Mental Health Benefits for Employee Retention – Attract and Retain Talent

employee retention and mental health benefits

Employee turnover is at an all-time high despite forecasts of a coming recession. Any organisation will find it more difficult to retain employees in a competitive hiring market. Meeting each employee’s specific demands, however, is probably the best course of action. Mental health care is a crucial need as employees experience more stress both inside and outside of the workplace. However, many people still encounter considerable obstacles.

Over 115 million Americans live in a region where there is a shortage of clinically licenced therapists, despite the fact that one in three adults suffer from anxiety or depression, according to research. In addition, only 55% of psychiatrists accept insurance, compared to 89% for all other medical specialists. According to research, 79% of employees are more likely to stick with a company that offers top-notch mental health resources.

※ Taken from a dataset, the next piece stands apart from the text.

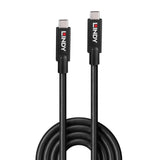 LINDY 43308 5m Active USB 3.2 Gen 2 C/C Cable, Data transfer rates up to 10Gbps, Supports video resolutions up to UHD 8K 7680x4320@60Hz including 4K 4096x2160@120Hz, 2 year warranty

Equitable mental health benefits will be critical in attracting and hiring talent, essential for employee retention, and helpful in producing increased workforce productivity and efficiency as workers look for employers that better meet their needs.

Employee Retention is Critical

Retaining top personnel is essential as firms work to recover from pandemic losses and The Great Resignation’s consequences. Increased turnover is expensive for businesses since it takes an average of six to nine months’ compensation to find a replacement for a departing employee. However, many businesses use the costly strategy of offering top executives cash incentives as a retention strategy.

According to a McKinsey study, this money is seldom efficiently spent since it goes to workers who are expected to remain in their current positions. Further study reveals that a combination of financial and non-financial incentives targeted at staff members at risk of leaving at all levels only needs a fourth of the funding previously required and is more likely to increase employee retention across the board.

Employee stress has grown as a result of the significant changes in workplace requirements over the last several years. Burnout at work is a problem for more than 50% of US workers. Employees of colour experience microaggressions in addition to regular workplace pressures, which increases burnout. However, a lot of business executives are ignorant of how burnout affects workers. According to a recent survey we conducted on workplace burnout, 67% of senior executives and 54% of HR leaders want to resume their pre-pandemic mental health strategies in the next year. As opposed to this, 81% of managers and 73% of workers said they would be more inclined to remain with a firm that provided top-notch mental health facilities. The fact that 73% of non-managerial workers and 76% of managers stated they prioritised mental health benefits above other employer-sponsored benefits may be more significant.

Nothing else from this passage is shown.